震える指先に力を入れた時、遠くから本館の執事が歩いてくるのが見えた。手に手紙の様なものを持っている。本来離れの手紙は副執事が管理しているのに、本館の執事がそれを持っているという事は、それはそういう扱いをするべき手紙ということだ。
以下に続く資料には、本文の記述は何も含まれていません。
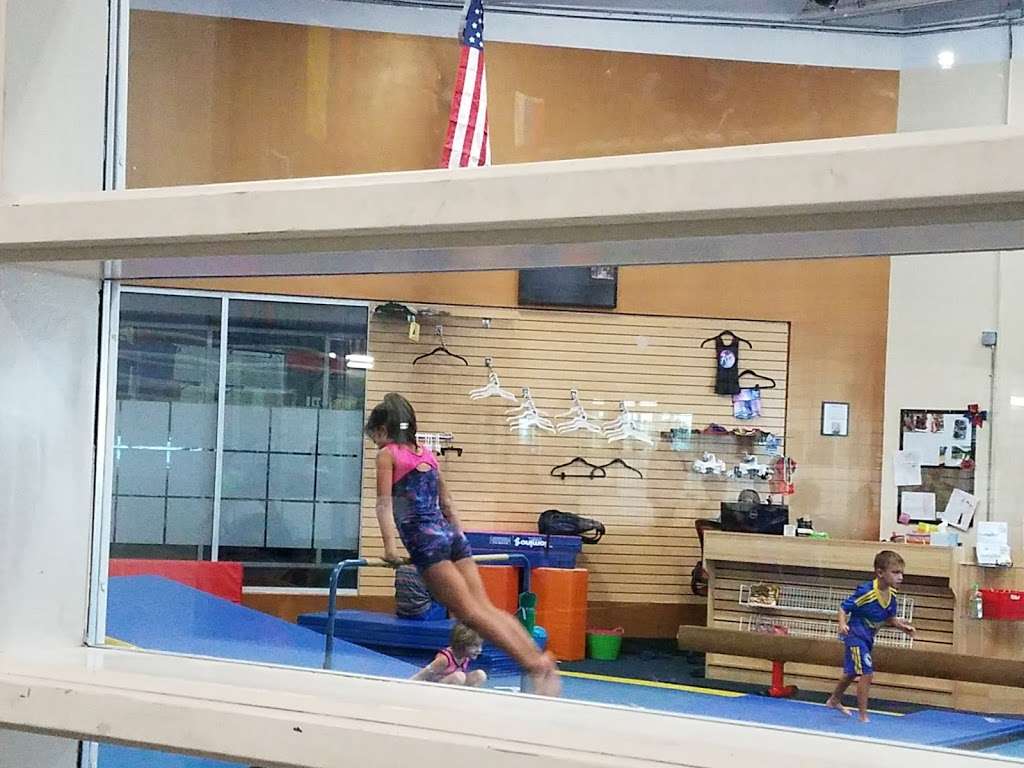 Gymnastics 702 | 1400 N Rampart Blvd Ste 105, Las Vegas, NV 89128 | Phone: (702) 483-4488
私はエース家の執事が近づいて来るのをぼんやりと見ていた。侍女なのだから、こちらから取りに行くべきなのだが、私の足は地面に縫い付けられたように動かない。
ああ。あの手紙は私宛なんだと頭の隅で考えていた。本館の執事が持ってくる私宛の手紙。とても良い知らせとは思えない。むしろ悪い知らせなのではないだろうか?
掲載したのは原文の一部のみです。